誰が主人(この場合は私)かエマの意識を明確に出させることで、エマはこちらにより忠実になる筈だ。



「いえ!私の主人はシャロン様のみです!!

旦那様と奥様につきましては、その……思春期を迎えるお嬢様に配慮して、今は家族3人は距離を置くことも大切だとお考えになっているようです。」



なるほど、どうやらこの家庭仲が宜しく無いらしい。公爵家という地位だからさしずめ両親は政略結婚なのだろう。エマは私を思って配慮してくれたようだが、その配慮のお陰で逆に家庭内の状況が掴めた。



「ありがとうね、エマ。そうね、私も両親を前にすると少し緊張してしまうの。これが反抗期って言うのかしらね。おほほほ!」


「そ、そうですね、お嬢様は成長期ですから!!」



いやそれ関係無いだろ、と内心ツッコミを入れつつ、もう1つの気になる点について考えを巡らせる。

2つ目の気になる点、それは学園についてだ。今日はどうやら入学式のようだが、私は今朝転生したばかりで何もわからない。どうやら転生特典に今までの記憶はついてないらしい。けっ、ケチ臭いなあ。記憶ぐらいセットで付けろよ!

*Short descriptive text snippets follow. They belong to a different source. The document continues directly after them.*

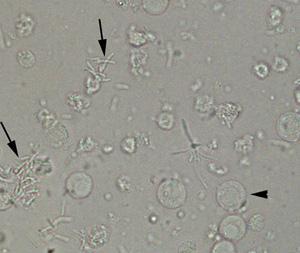 Bacteria 1. Normal microbial flora of the vagina or external urethral meatus 2.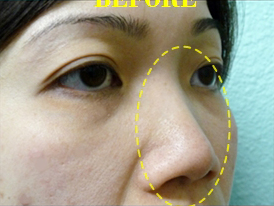 Nose Surgery Case 3691 Before Photo Nose Surgery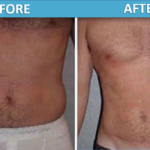 male love handles and stomach Liposuction before and after | Sassan Alavi MD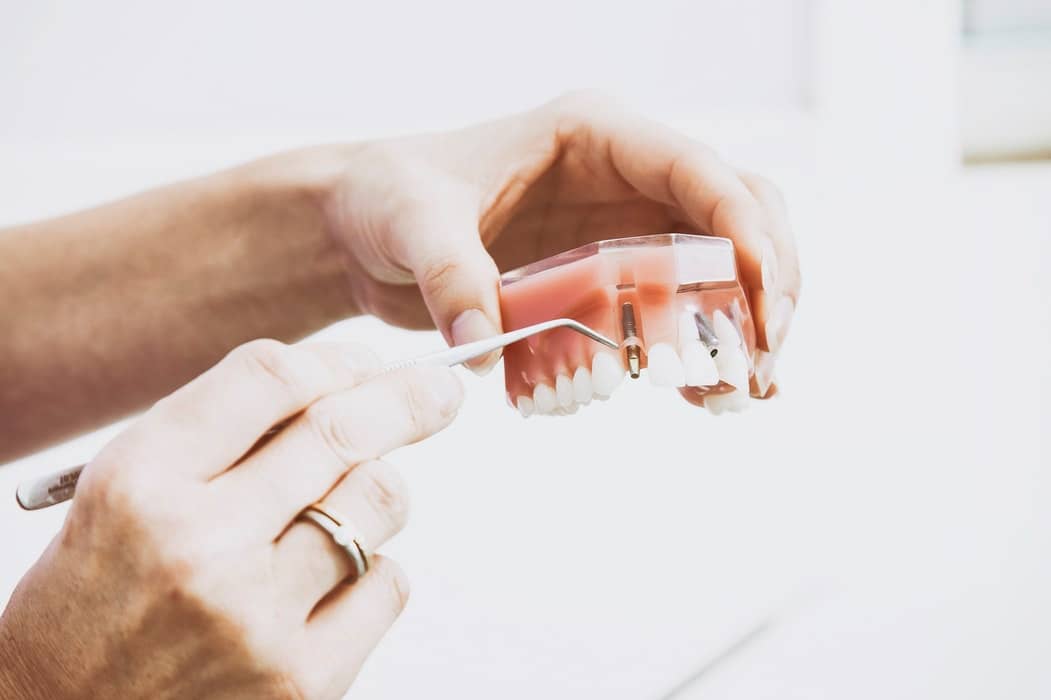 Dentist holding fake teeth to explain dental implants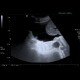Venous congestion of liver: US - Ultrasound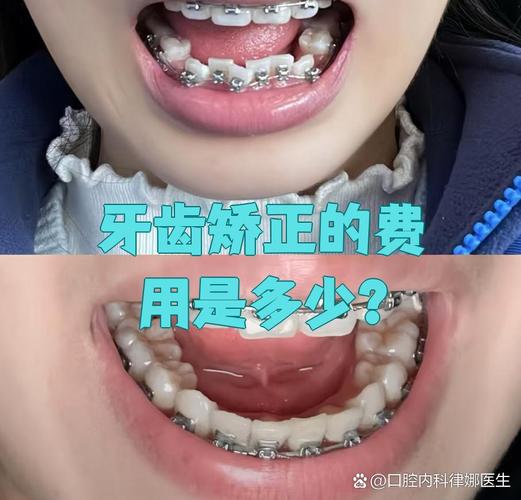 重庆宿迁牙齿矫正一般要花多少钱?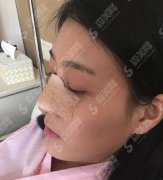 榆林市第二医院整形美容外科隆鼻做的如何？小仙女鼻部手术案例术后反馈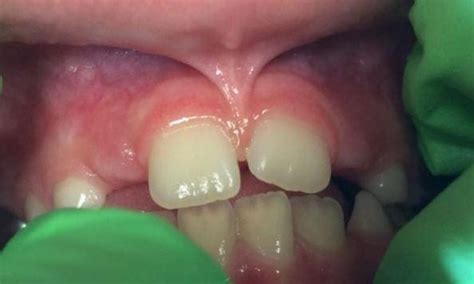 Upper Lip Frenectomy With Erupting Adult Dentition Before And After Photos Austin Tx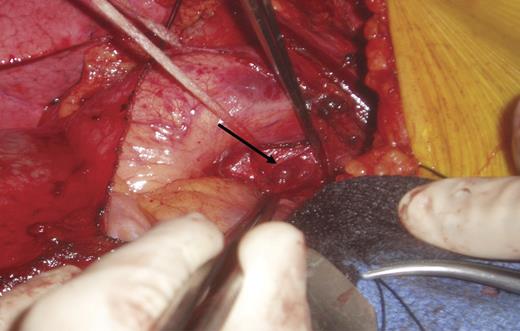 Intraoperative photograph showing the cut edge of the pericardium and the parathyroid adenoma just lateral to the aortic root (arrow)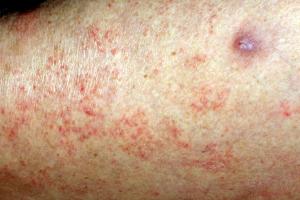 Picture of scabies rash on the arm, consisting of tiny red spots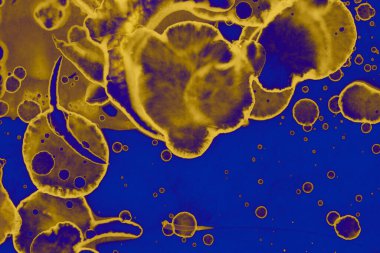 Soyut mavi sarı arka plan. Lekeler ve kabarcıklar. Alkol mürekkebi sanatı. Sembol.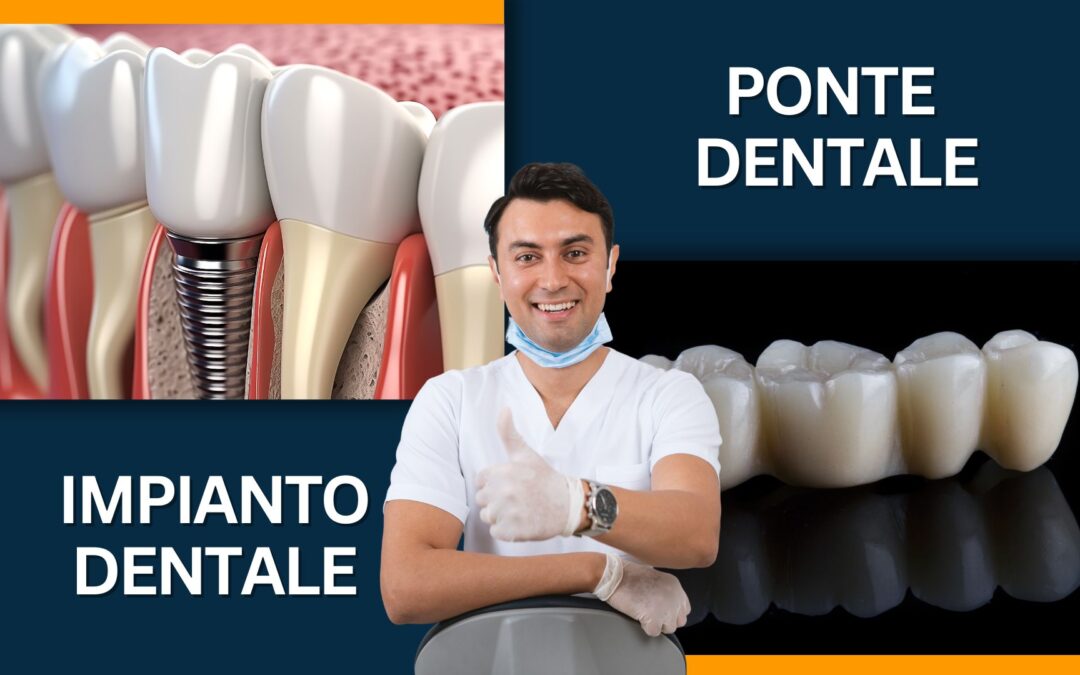 Impianto Dentale vs. Ponte Fisso: Qual è la Scelta Migliore per Sostituire i Denti Mancanti?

ともかく、学園について何も情報が無いのが辛い。私は一体何を学びに行くのだろうか。勉強ならもう勘弁だ。こんなことになるくらいなら前世できちんと勉強しておくべきだった。まさか就活の時よりも勉学に励まなかったことを悔やむ時が来るとは。

エマに少し聞いてみるか。



「あのさ、…」


「さあお嬢様、学園に着きましたよ!!

入学式、頑張ってくださいね!」



あれこれ考えている間にどうやら学園に到着したようだ。結局、学園についてはエマからも何も情報が入手出来ていないままだ。

今1番重要な情報が少ないのはキツいが、ここまで来たら逃げられない。正々堂々、自分の目と耳で情報を集めるしかない。

いいだろう、やってやろうじゃないか。異世界で情報収集。なんだかスパイにでもなったようで興奮する。一歩間違えたら公爵令嬢は精神異常者、とレッテルが貼られてしまう。そんなスリルが気持ちいい。

久しぶりにレスバトルの前の様な緊張感と高揚感、妙な快感を覚えた。